Najmiani, Kepala SDN 74 Bolang, Kecamatan Alla, mengatakan, sekolah ini mulai menerima siswa berkebutuhan khusus sejak tahun lalu. Layanan itu diberikan karena orangtua siswa yang memiliki anak-anak berkebutuhan khusus sulit mengakses SLB.
Di sekolah tersebut ada empat ABK, antara lain, gangguan penglihatan, autis, dan tunarungu. Para siswa berasal dari keluarga miskin dengan mata pencarian orangtua umumnya sebagai petani.

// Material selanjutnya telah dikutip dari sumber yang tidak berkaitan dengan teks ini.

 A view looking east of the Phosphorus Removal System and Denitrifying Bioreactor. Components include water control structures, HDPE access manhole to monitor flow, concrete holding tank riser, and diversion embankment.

Merebaknya sekolah inklusi di Kabupaten Enrekang itu setidaknya bisa menjangkau 258 siswa ABK. Ada sekitar 80 SD yang membuka diri untuk menerima ABK meskipun tidak semuanya secara resmi ditetapkan sebagai sekolah inklusi.

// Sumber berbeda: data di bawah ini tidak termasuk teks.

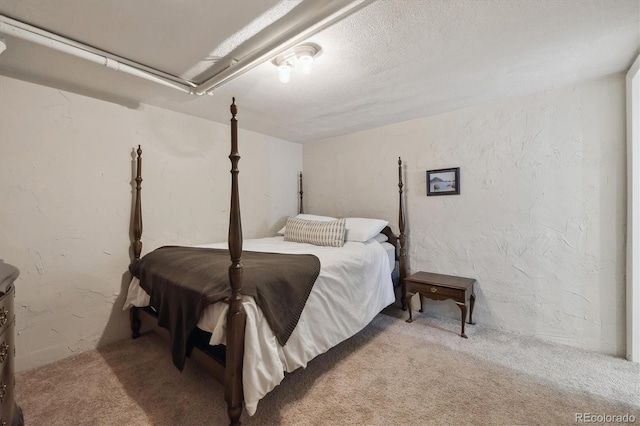 629 Bellaire St, Denver, CO 80220 - bedroom with carpet and a textured wall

Widya Prasetyanti dari HKI mengatakan, terbukanya sekolah untuk menerima ABK tumbuh dari kesadaran para pendidik dan masyarakat. Keluarga pun mulai membuka diri dan membuang rasa malu memiliki anak cacat.
Ketua Persatuan Penyandang Cacat Indonesia Kabupaten Enrekang Akbar Dahali mengatakan, para pendidik di sekolah reguler perlu terus disadarkan untuk tidak membeda-bedakan siswa dalam layanan pendidikan. Sekolah reguler tidak bisa menutup mata melihat ada sejumlah ABK yang tidak bisa mengakses layanan pendidikan karena kecacatan mereka. Hingga saat ini baru sekitar 20 persen ABK yang terlayani pendidikan di SLB. Padahal, anak-anak ini juga memiliki hak yang sama untuk menikmati pendidikan demi masa depan mereka. Semangat mengembangkan pendidikan inklusi yang tumbuh di Enrekang mulai memberi harapan. Anak-anak yang memiliki keterbatasan fisik pun tidak lagi terhalang untuk mengembangkan diri.